L’est du Valais était composé de sept « Zenden » (sorte de grandes communes) jouissant d’une grande indépendance alors que l’ouest, donc le Bas-Valais, était un pays sujet que les Haut-Valaisans administraient comme une seigneurie commune avec deux baillis installés à St-Maurice et Monthey. Le Valais était un Etat associé à la Confédération, mais il avait aussi besoin de bonnes relations avec la France, la Savoye et Milan, ville sous la domination de l’Espagne habsbourgeoise.

Illustration 27: Le sentier muletier du Simplon

Kaspar von Stockalper a rapidement compris l’importance du Simplon en tant que route commerciale conduisant du nord et de l’ouest de l’Europe vers les centres de Gênes, de Milan ou encore de Venise. Fortement touchés par la Guerre de Trente-Ans (1618-1648) qui dévastait alors l’Europe, les cols des Grisons n’étaient que partiellement praticables. Kaspar von Stockalper a étudié de près les affaires de transit en Europe et a fini par obtenir le contrôle de la route Brigue-Simplon-Domodossola. Il est d’ailleurs possible de vivre aujourd’hui encore en direct les transports à dos de mulet sur la « voie de Stockalper » que l’on voit sur cette image.

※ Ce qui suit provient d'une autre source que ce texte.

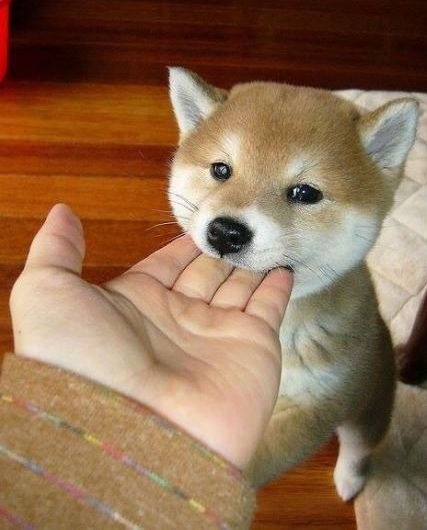 14 Reasons Akita Inus Are The Worst Indoor Dog Breeds Of All Time 4 akita-puppy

Vous le constatez une fois de plus: le paysage marque les êtres humains. Les Grisons sont marqués par les cols de leur canton, les habitants de Suisse centrale par le St-Gotthard et les Valaisans par le Simplon et le Grand-Saint-Bernard.

Illustration 28: Comtesse de Bourbon

Le Simplon a apporté à Stockalper, alors âgé de 25 ans, un mandat prestigieux: la princesse Marguerite, comtesse de Bourbon Condé, épouse du prince de Savoye et parente du roi de France, voulait franchir en hiver le col du Simplon au départ de Brigue avec une importante suite et 150 chevaux. L’entreprise fut une réussite et rapporta à Stockalper une grande renommée auprès des cours princières européennes.

Illustration 29: Les armoiries de Riedmatten

Après le décès prématuré de sa première femme, Kaspar von Stockalper a épousé Cäcilia von Riedmatten. Comme ses armoiries l’indiquent, cette dernière est éga-lement issue d’une famille célèbre qui a produit six évêques. Cäcilia lui a donné 13 enfants, mais dont neuf sont décédés en bas âge. Elle semble avoir eu elle aussi le sens des affaires et fut un soutien efficace de son mari qu’elle remplaçait à la tête de l’entreprise durant ses nombreuses absences.

III.3 Homme d’Etat et important chef d’entreprise

Illustration 30: La diète de Baden

Propriétaire de la mine de fer de Gantergrund, Stockalper fut un industriel et a fini par obtenir le monopole de la totalité du transit. En tant que délégué valaisan à la Diète de Baden, il a obtenu des Confédérés la protection des cols alpins et la défense de ces routes en cas d’attaque.

La Suisse a eu l’intelligence de rester en dehors de la guerre, mais elle a offert des troupes de mercenaires. Comme Schiner s’est acquis la célébrité en mettant ces troupes à disposition du Pape, Stockalper a brillé dans le même genre d’affaire, celui des mercenaires. Il faut cependant rappeler que c’est principalement au service des rois de France que les mercenaires suisses ont sacrifié leur vie.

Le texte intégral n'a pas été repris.